Wagner’s establishment of the GSA and his leadership in Carlisle’s Model United Nations are among the reasons National Liberty Museum honored him with the 14th-annual Teacher as Hero Award. In partnership with State Farm, the museum presented the award to Wagner and nine other educators May 6.
Wagner’s husband, Terry Karanen, submitted the application for consideration and kept it a secret from Wagner until he officially received the award.
“He sets a very high bar for himself,” Karanen said. “For those of us who are excellent at what we do and dedicated to what we do, we sometimes set the bar a little higher than perhaps we should for our own good. But he does that and either meets it or exceeds it. In the process, he also sets an example for others. He shows his students what they can do, how they can come from nothing and make something of themselves.”
Wagner said he aims to be accessible to all students.

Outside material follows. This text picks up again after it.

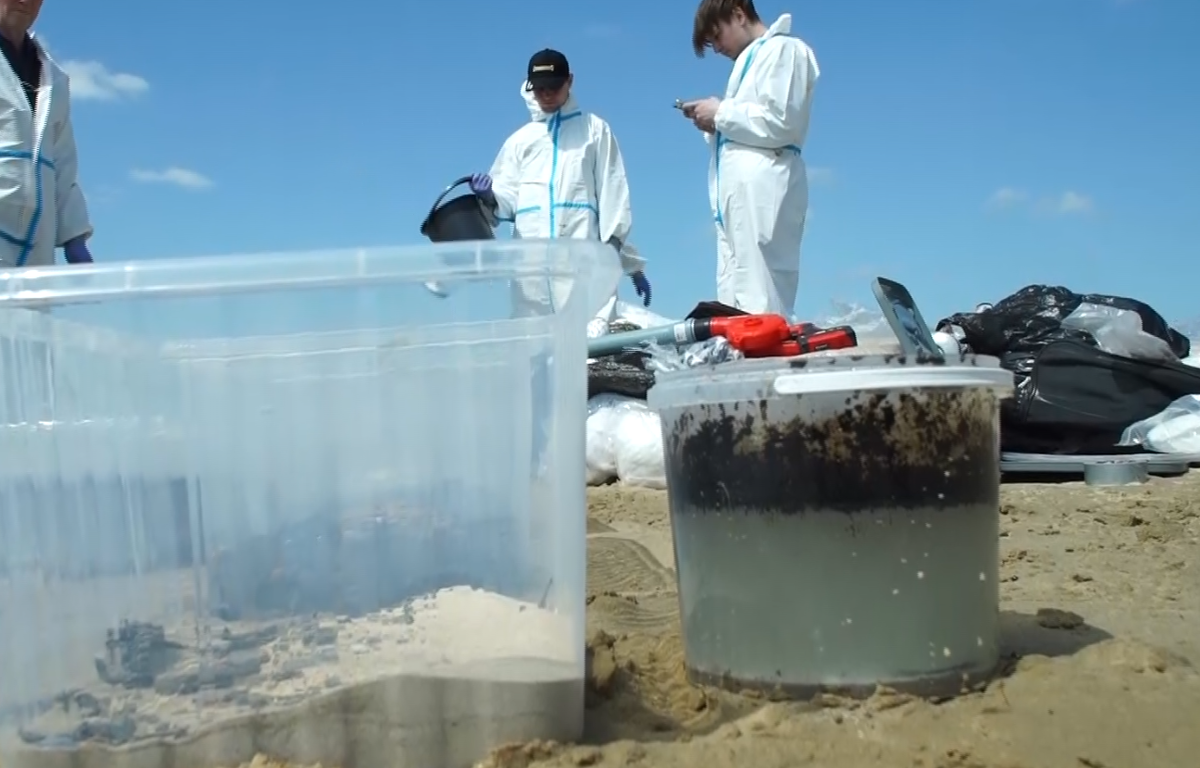 После использования химических аэрантов мазут отделился от донного песка и всплыл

“Literally the door is always open and even when it’s not open, the door isn’t locked,” Wagner said of his office as social-studies department chair. “That’s my policy. I can’t even count between my two hands the number of times I’ve had a student just drop in with an issue they may be dealing with.”
Wagner recalled a student who came to him 12 years ago and talked about cutting himself as a way to cope with depression. He said he reconnected with the student over the past year and discovered he is doing well and has a partner of his own.
“[Students] know that door is open and I’m not going to judge them when they ask great questions or even the off-the-wall ones,” Wagner said.
A student struggling with his sexuality once said to Wagner, “I think I’m bi but I’m not sure. Can you help me out with that?” Wagner said he had a 30-minute lunch conversation with the student and offered some advice.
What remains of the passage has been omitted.